Exploratory Data Analysis

One of the most important parts of data science, and in my opinion, the most fun, is exploratory data analysis. Exploratory Data Analysis (EDA) involves the open-ended exploration of your data with the use of tables, summary statistics, and a variety of visualization tools. I enjoy this part of the process the most because it challenges my abilities to uncover hidden patterns and forces me to think outside the box. EDA takes a lot of trial and error, as not every visualization will provide you with meaningful takeaways. I enjoy creating visualizations with a variety of tools and packages, especially those with a variety of possible data encodings, whether it's color, size, shape, or text. An example is this correlation matrix, coded in Python, which has a great heatmap feature to aid in the viewer's understanding of the relationships between variables, and as well as trends in correlation across all of the variables.
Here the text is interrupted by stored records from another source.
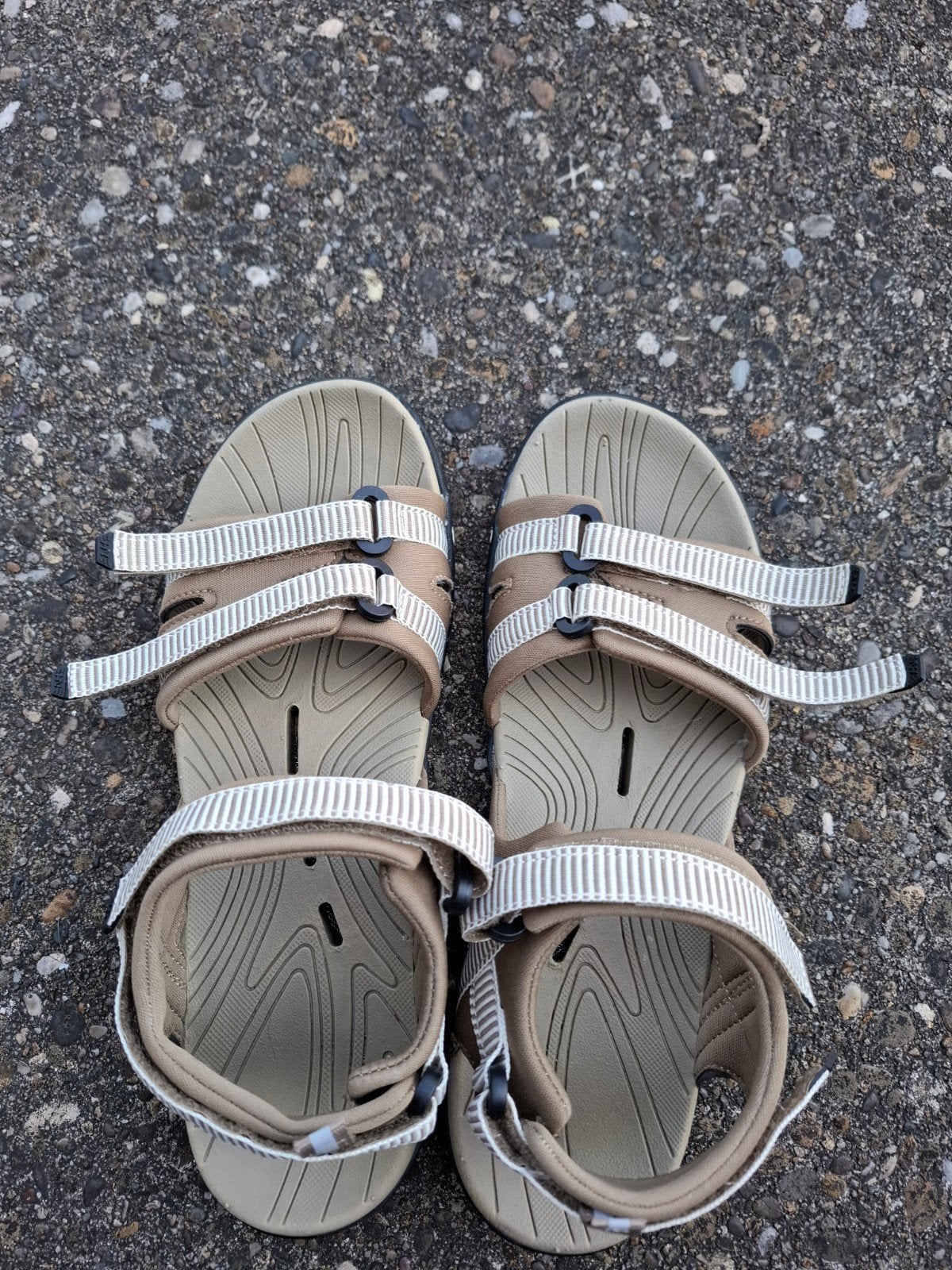 Human Nature sandalen maat 39. Nog nieuw, Kleding | Dames, Schoenen, Ophalen, Nieuw, Sandalen of Muiltjes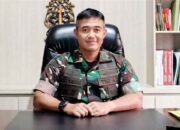 Tanggapi Isu Liar Pemotongan Anggaran Koperasi Merah Putih, Dandim 0827 Sumenep Angkat Bicara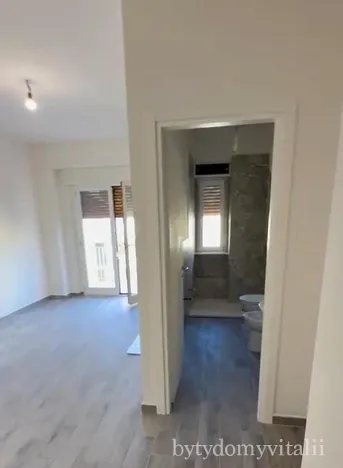 Prodej bytu 3+kk, Scalea, Kalábrie, Itálie, 60 m2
Another great tool for improving dimensionality and uncovering patterns in EDA is using small multiples. Small multiples are separate segments of data, and can involve any attribute. This could mean breaking up your boxplot into 'Yes' and 'No' categories for a binary variable, or visualizing four different scatterplots for four different age groups in your data. It can also involve a variety of attributes, of which the visualization to the right is an example. For this visualization, I was working with college admissions data in R, and I decided to create a grid of histograms that allowed me to easily compare the distribution and frequencies of the number of students who sent in applications, were accepted, were enrolled, and were out of state. Sometimes, visualizations might not be very informative on their own, but when compared to other segments or attributes in a grid-like manner, they can become extremely powerful to informing one's exploratory data analysis.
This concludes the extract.